# Provided entries:

===

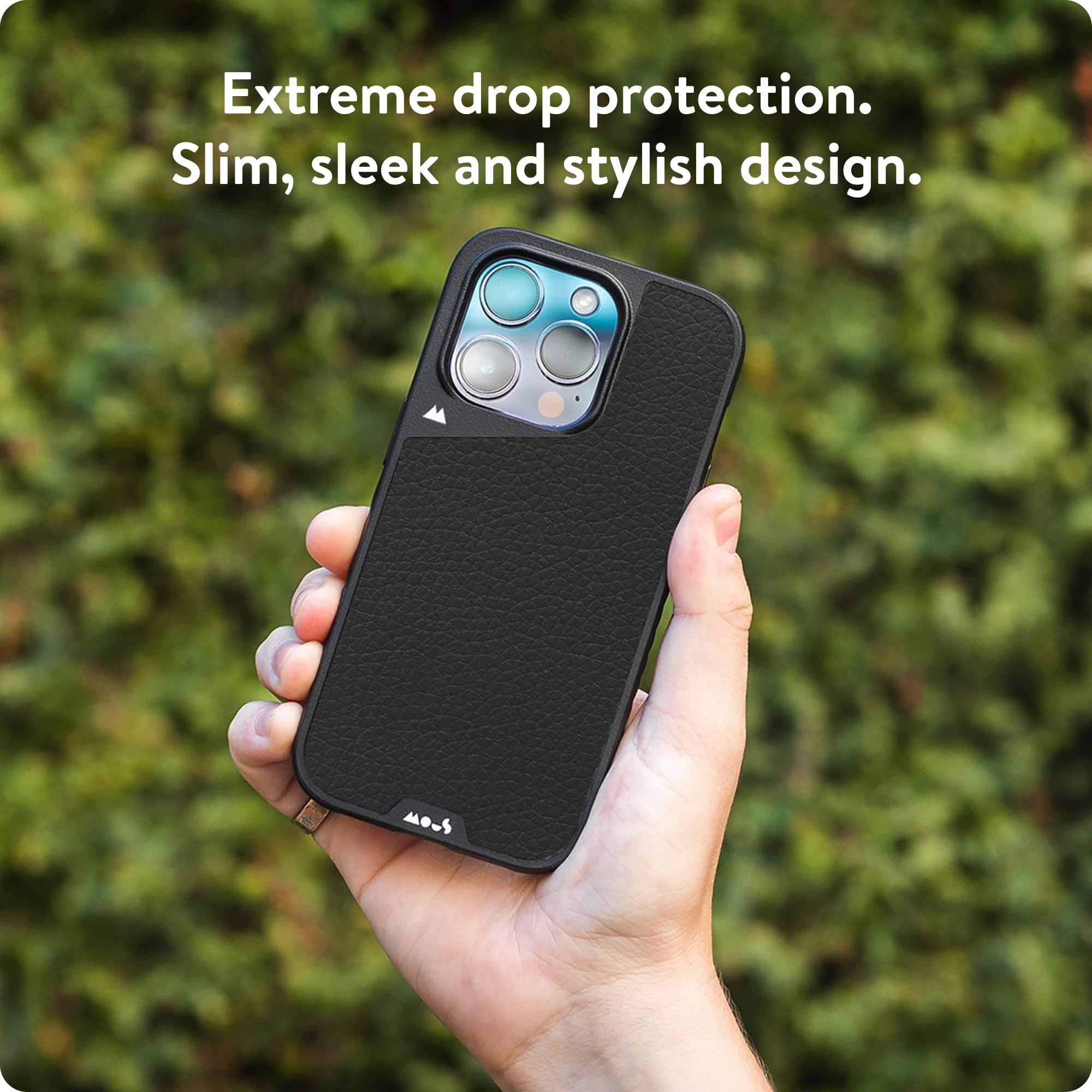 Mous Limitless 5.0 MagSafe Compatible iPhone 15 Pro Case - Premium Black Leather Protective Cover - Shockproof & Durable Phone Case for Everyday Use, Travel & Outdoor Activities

===

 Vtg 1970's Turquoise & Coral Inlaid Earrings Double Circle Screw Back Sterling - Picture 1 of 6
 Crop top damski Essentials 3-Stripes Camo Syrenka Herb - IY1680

===

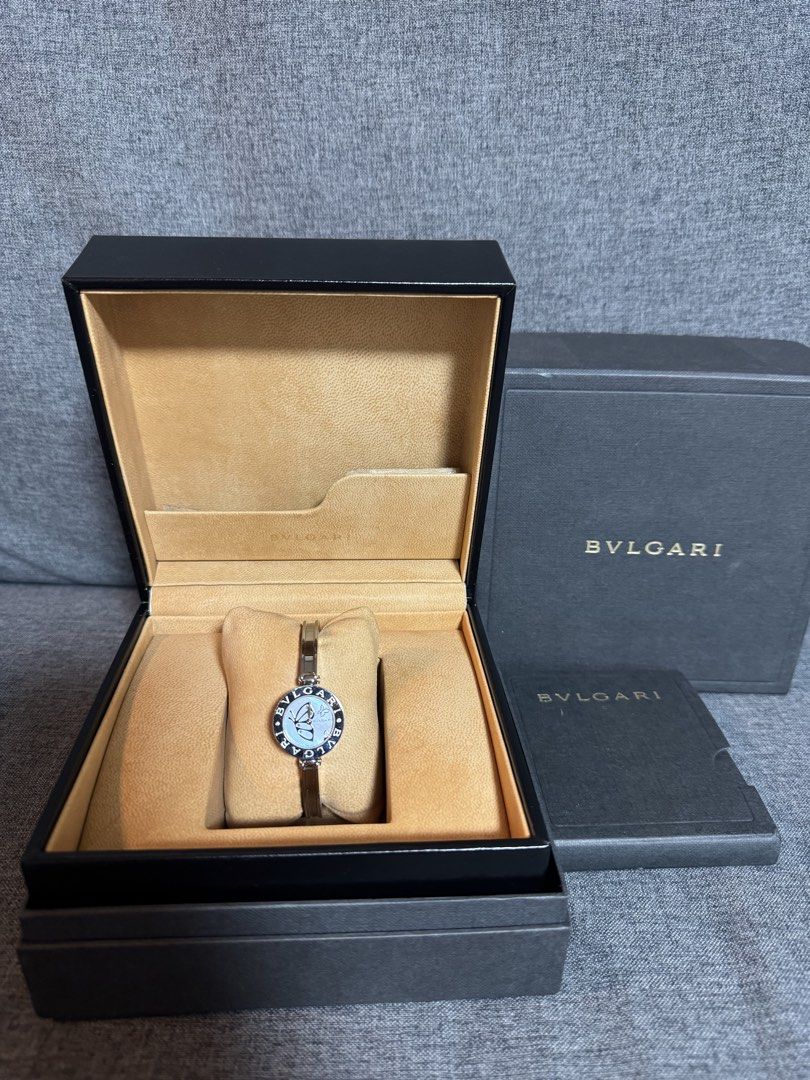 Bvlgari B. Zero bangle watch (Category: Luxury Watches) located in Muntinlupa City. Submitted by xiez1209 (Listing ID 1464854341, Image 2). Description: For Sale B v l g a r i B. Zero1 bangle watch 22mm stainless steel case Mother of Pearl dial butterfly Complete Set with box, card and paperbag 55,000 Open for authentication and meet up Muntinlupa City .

===

# Task details:
Only the lines above starting at the one containing "Vtg 1970's Turquoise" and ending at the one containing "Crop top damski", both included, are to be returned, exactly as they read.

# Exercise output:
 Vtg 1970's Turquoise & Coral Inlaid Earrings Double Circle Screw Back Sterling - Picture 1 of 6
 Crop top damski Essentials 3-Stripes Camo Syrenka Herb - IY1680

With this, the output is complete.